> **Activity**
Please print the data that follows, keeping every line exact.

> **Material for the task**
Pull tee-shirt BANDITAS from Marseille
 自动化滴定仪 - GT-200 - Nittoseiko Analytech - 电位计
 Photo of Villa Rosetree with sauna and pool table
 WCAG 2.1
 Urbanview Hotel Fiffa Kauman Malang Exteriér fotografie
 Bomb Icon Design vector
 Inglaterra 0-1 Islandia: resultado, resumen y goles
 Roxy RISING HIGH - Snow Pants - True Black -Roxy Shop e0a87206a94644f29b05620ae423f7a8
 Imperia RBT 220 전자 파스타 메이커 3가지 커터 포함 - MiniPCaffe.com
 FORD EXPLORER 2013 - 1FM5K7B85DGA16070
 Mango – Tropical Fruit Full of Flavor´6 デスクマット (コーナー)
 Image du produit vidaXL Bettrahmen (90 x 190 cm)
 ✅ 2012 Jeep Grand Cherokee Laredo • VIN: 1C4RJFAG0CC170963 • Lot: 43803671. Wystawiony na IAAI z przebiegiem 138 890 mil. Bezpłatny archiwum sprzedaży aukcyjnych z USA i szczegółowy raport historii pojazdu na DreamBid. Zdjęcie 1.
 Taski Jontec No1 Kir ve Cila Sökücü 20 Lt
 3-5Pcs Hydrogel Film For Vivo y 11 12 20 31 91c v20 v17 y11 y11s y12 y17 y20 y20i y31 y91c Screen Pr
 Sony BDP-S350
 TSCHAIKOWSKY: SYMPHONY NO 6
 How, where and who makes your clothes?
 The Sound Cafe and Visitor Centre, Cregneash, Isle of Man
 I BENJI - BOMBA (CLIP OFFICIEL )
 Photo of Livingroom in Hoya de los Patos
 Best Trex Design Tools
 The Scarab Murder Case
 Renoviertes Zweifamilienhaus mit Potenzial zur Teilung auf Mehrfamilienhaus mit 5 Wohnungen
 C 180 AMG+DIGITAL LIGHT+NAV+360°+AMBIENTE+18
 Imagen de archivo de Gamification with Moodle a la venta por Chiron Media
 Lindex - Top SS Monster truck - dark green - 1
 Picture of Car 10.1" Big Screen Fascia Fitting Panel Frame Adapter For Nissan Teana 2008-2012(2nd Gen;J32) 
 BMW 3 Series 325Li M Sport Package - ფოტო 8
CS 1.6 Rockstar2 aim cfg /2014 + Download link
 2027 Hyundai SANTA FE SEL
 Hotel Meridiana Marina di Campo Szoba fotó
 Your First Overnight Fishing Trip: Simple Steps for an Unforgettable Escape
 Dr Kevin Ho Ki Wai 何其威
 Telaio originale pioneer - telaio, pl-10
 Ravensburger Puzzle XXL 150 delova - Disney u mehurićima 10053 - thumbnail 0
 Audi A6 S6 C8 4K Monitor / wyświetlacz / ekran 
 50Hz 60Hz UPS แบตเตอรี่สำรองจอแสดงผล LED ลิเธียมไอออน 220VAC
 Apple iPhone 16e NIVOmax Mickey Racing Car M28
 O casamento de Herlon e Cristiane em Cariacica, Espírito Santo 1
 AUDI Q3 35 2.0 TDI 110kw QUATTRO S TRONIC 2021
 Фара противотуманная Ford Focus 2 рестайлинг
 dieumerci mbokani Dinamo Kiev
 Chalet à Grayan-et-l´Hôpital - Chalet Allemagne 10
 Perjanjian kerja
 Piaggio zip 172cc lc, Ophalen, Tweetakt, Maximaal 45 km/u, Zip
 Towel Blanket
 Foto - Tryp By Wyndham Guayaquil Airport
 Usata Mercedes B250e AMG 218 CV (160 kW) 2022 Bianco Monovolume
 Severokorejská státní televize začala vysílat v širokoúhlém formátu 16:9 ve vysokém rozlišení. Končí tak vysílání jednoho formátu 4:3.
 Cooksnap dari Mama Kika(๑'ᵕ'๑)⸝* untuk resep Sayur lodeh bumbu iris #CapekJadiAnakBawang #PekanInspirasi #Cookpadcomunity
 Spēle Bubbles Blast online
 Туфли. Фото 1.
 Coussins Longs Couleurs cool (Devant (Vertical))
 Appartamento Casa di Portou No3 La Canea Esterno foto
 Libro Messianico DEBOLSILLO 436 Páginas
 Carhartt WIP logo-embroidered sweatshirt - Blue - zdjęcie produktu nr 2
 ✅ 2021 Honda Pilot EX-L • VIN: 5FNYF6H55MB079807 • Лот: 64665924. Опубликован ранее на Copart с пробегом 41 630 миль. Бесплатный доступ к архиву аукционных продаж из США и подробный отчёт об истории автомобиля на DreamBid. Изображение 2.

> **Exercise solution**
Pull tee-shirt BANDITAS from Marseille
 自动化滴定仪 - GT-200 - Nittoseiko Analytech - 电位计
 Photo of Villa Rosetree with sauna and pool table
 WCAG 2.1
 Urbanview Hotel Fiffa Kauman Malang Exteriér fotografie
 Bomb Icon Design vector
 Inglaterra 0-1 Islandia: resultado, resumen y goles
 Roxy RISING HIGH - Snow Pants - True Black -Roxy Shop e0a87206a94644f29b05620ae423f7a8
 Imperia RBT 220 전자 파스타 메이커 3가지 커터 포함 - MiniPCaffe.com
 FORD EXPLORER 2013 - 1FM5K7B85DGA16070
 Mango – Tropical Fruit Full of Flavor´6 デスクマット (コーナー)
 Image du produit vidaXL Bettrahmen (90 x 190 cm)
 ✅ 2012 Jeep Grand Cherokee Laredo • VIN: 1C4RJFAG0CC170963 • Lot: 43803671. Wystawiony na IAAI z przebiegiem 138 890 mil. Bezpłatny archiwum sprzedaży aukcyjnych z USA i szczegółowy raport historii pojazdu na DreamBid. Zdjęcie 1.
 Taski Jontec No1 Kir ve Cila Sökücü 20 Lt
 3-5Pcs Hydrogel Film For Vivo y 11 12 20 31 91c v20 v17 y11 y11s y12 y17 y20 y20i y31 y91c Screen Pr
 Sony BDP-S350
 TSCHAIKOWSKY: SYMPHONY NO 6
 How, where and who makes your clothes?
 The Sound Cafe and Visitor Centre, Cregneash, Isle of Man
 I BENJI - BOMBA (CLIP OFFICIEL )
 Photo of Livingroom in Hoya de los Patos
 Best Trex Design Tools
 The Scarab Murder Case
 Renoviertes Zweifamilienhaus mit Potenzial zur Teilung auf Mehrfamilienhaus mit 5 Wohnungen
 C 180 AMG+DIGITAL LIGHT+NAV+360°+AMBIENTE+18
 Imagen de archivo de Gamification with Moodle a la venta por Chiron Media
 Lindex - Top SS Monster truck - dark green - 1
 Picture of Car 10.1" Big Screen Fascia Fitting Panel Frame Adapter For Nissan Teana 2008-2012(2nd Gen;J32) 
 BMW 3 Series 325Li M Sport Package - ფოტო 8
CS 1.6 Rockstar2 aim cfg /2014 + Download link
 2027 Hyundai SANTA FE SEL
 Hotel Meridiana Marina di Campo Szoba fotó
 Your First Overnight Fishing Trip: Simple Steps for an Unforgettable Escape
 Dr Kevin Ho Ki Wai 何其威
 Telaio originale pioneer - telaio, pl-10
 Ravensburger Puzzle XXL 150 delova - Disney u mehurićima 10053 - thumbnail 0
 Audi A6 S6 C8 4K Monitor / wyświetlacz / ekran 
 50Hz 60Hz UPS แบตเตอรี่สำรองจอแสดงผล LED ลิเธียมไอออน 220VAC
 Apple iPhone 16e NIVOmax Mickey Racing Car M28
 O casamento de Herlon e Cristiane em Cariacica, Espírito Santo 1
 AUDI Q3 35 2.0 TDI 110kw QUATTRO S TRONIC 2021
 Фара противотуманная Ford Focus 2 рестайлинг
 dieumerci mbokani Dinamo Kiev
 Chalet à Grayan-et-l´Hôpital - Chalet Allemagne 10
 Perjanjian kerja
 Piaggio zip 172cc lc, Ophalen, Tweetakt, Maximaal 45 km/u, Zip
 Towel Blanket
 Foto - Tryp By Wyndham Guayaquil Airport
 Usata Mercedes B250e AMG 218 CV (160 kW) 2022 Bianco Monovolume
 Severokorejská státní televize začala vysílat v širokoúhlém formátu 16:9 ve vysokém rozlišení. Končí tak vysílání jednoho formátu 4:3.
 Cooksnap dari Mama Kika(๑'ᵕ'๑)⸝* untuk resep Sayur lodeh bumbu iris #CapekJadiAnakBawang #PekanInspirasi #Cookpadcomunity
 Spēle Bubbles Blast online
 Туфли. Фото 1.
 Coussins Longs Couleurs cool (Devant (Vertical))
 Appartamento Casa di Portou No3 La Canea Esterno foto
 Libro Messianico DEBOLSILLO 436 Páginas
 Carhartt WIP logo-embroidered sweatshirt - Blue - zdjęcie produktu nr 2
 ✅ 2021 Honda Pilot EX-L • VIN: 5FNYF6H55MB079807 • Лот: 64665924. Опубликован ранее на Copart с пробегом 41 630 миль. Бесплатный доступ к архиву аукционных продаж из США и подробный отчёт об истории автомобиля на DreamBid. Изображение 2.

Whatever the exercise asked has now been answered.